__Brief__: Of all the entries below, only the lines from the one with "Security Alerts in GitHub" up to and including the one with "vidaXL Schaukelsessel und" are to be duplicated exactly.

__Supplied information__:
--

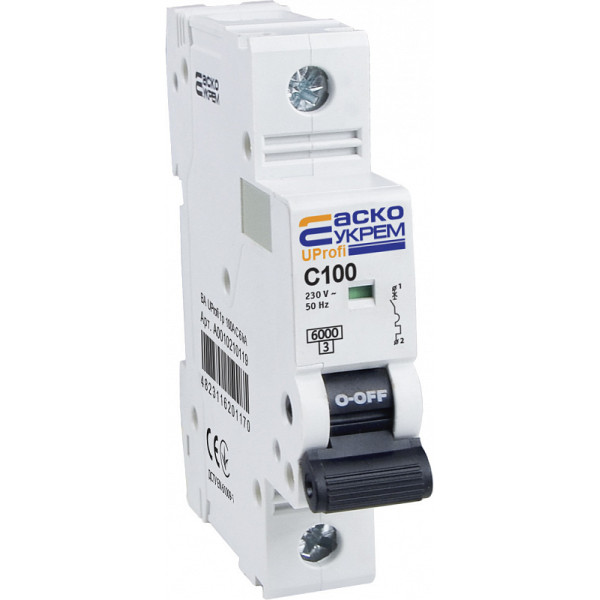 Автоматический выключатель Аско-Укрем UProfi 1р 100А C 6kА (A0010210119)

--

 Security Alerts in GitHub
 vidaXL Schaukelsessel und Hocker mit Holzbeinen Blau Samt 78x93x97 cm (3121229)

--

__Response area__:
 Security Alerts in GitHub
 vidaXL Schaukelsessel und Hocker mit Holzbeinen Blau Samt 78x93x97 cm (3121229)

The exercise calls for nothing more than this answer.